When Friendship Day passed by, there was a surge in forwarded messages on WhatsApp with audios and videos singing tributes to the friend. A message even challenged one to forward it to as many people as possible including the sender. Facebook had hoards of messages and wishes addressed to friends.
This makes one wonder if such friendships that need to be publicly acknowledged and praised are indeed true. Friendship is all about being there for the person you consider your friend. A friend is not an acquaintance or a travel mate with whom you exchange some pleasantries. So, it is indeed a surprise when a few refer to all the people met during such passing encounters as friends, or even address all their colleagues as friends.

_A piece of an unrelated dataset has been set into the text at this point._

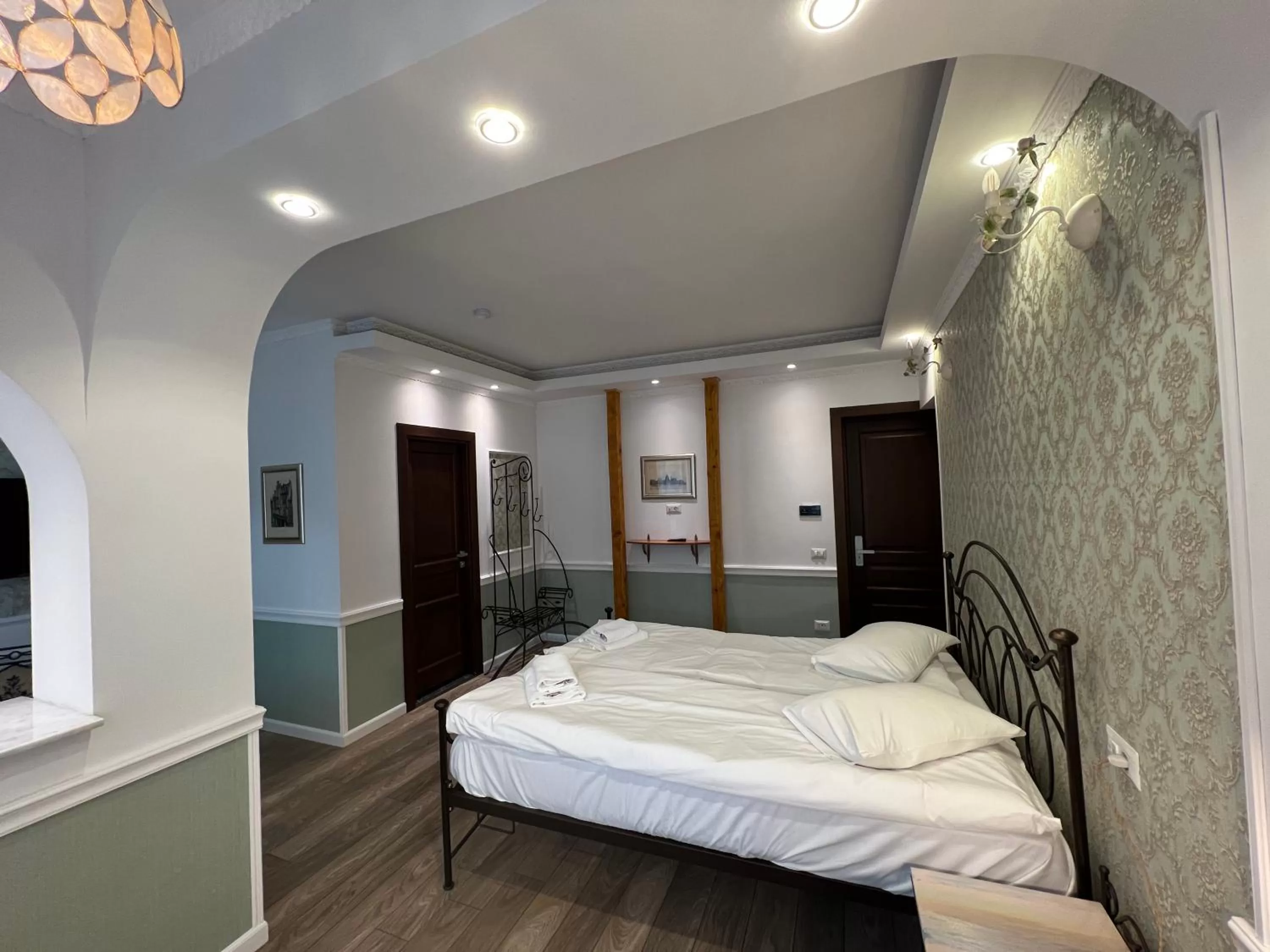 Bed in Hotel Boutique Cathedral Plaza Residences room for rent downtown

I remember a colleague who had said, “I could not study for the promotion exam as my book was with a friend who failed to return it on time.” Can that inconsiderate person be considered a friend? Who has not heard of fair-weather friends who beat the retreat during a crisis, or remain incommunicado when it suits them? A friend is not the fleeting whiff of perfume one gets when one passes by a jasmine creeper, or the heavenly rainbow on a sunlit rainy day. He is this and much more. He is the mathematical constant, who has a lending ear and a weeping shoulder or a thumping laugh when you feel the need for it.

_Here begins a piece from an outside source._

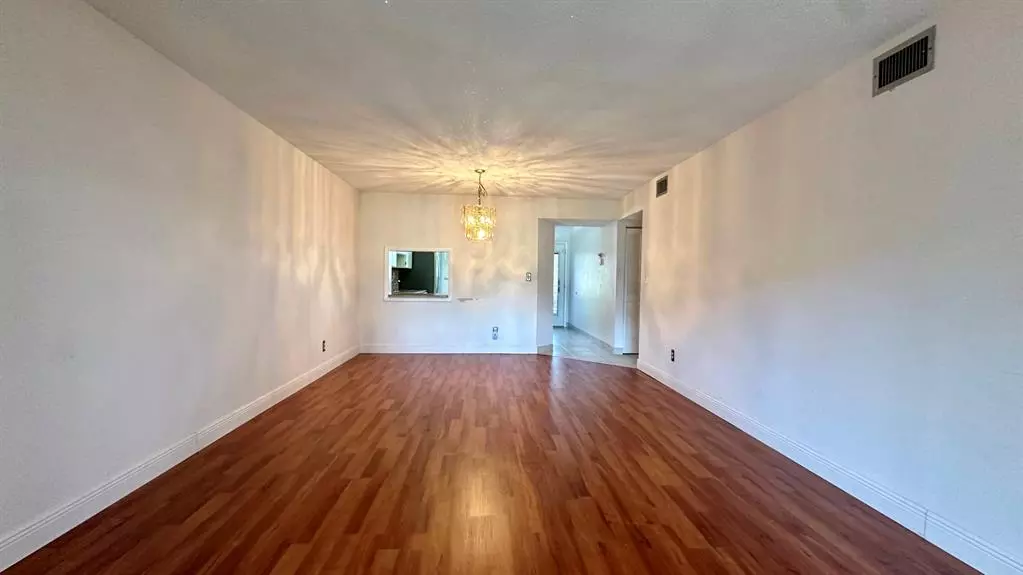 Tamarac, FL 33319,6090 N Sabal Palm Blvd #108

During our current stay in the US, the husband had been taking long lonely walks in the neighbourhood. One fine day, this routine changed forever, as he was introduced by our son-in-law to a gentleman from the Indian diaspora. It looked as if the elderly gentleman, a widower, was in need of a soulmate and very soon he took my husband under his wings and dictated the route of the walk which ended almost daily in the nearby park. There, my husband got to meet a host of seniors whiling away their time after breakfast.
Since then, each day he comes home with the story of a new ‘friend’ and at times the ‘friends’ too have tagged along with him for a cup of coffee. Sometimes, he gets invited to join a new group of seniors discussing Indian politics and offers his own views. His interest in astrology has gained him many admirers seeking to learn about the unknown. Two or three of these new acquaintances have become quite close to him laying bare their life stories before him.

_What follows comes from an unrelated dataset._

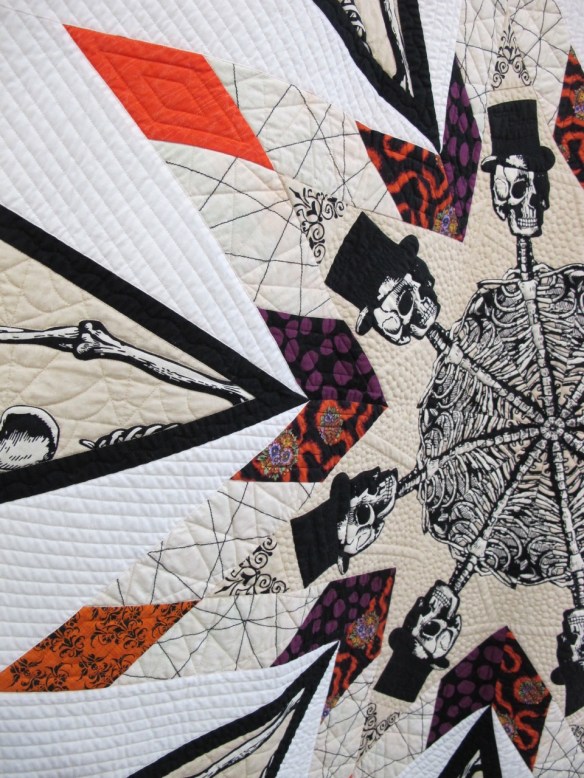 Mr. Swirl E. Bones by Victoria Findlay Wolfe, quilted by Shelly Pagliai Mr. Swirl E. Bones by Victoria Findlay Wolfe, quilted by Shelly Pagliai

For persons in their seventies and eighties, perhaps, it is a sort of catharsis to expound upon one’s wealth, health and relationships to a relatively unknown person, much like talking to a shrink.
My husband and they may never come across one another again as the visits are short-lived and irregular. But for the time being, the friendship is going great! To quote W B Yeats, “There are no strangers here; only friends you have not yet met.”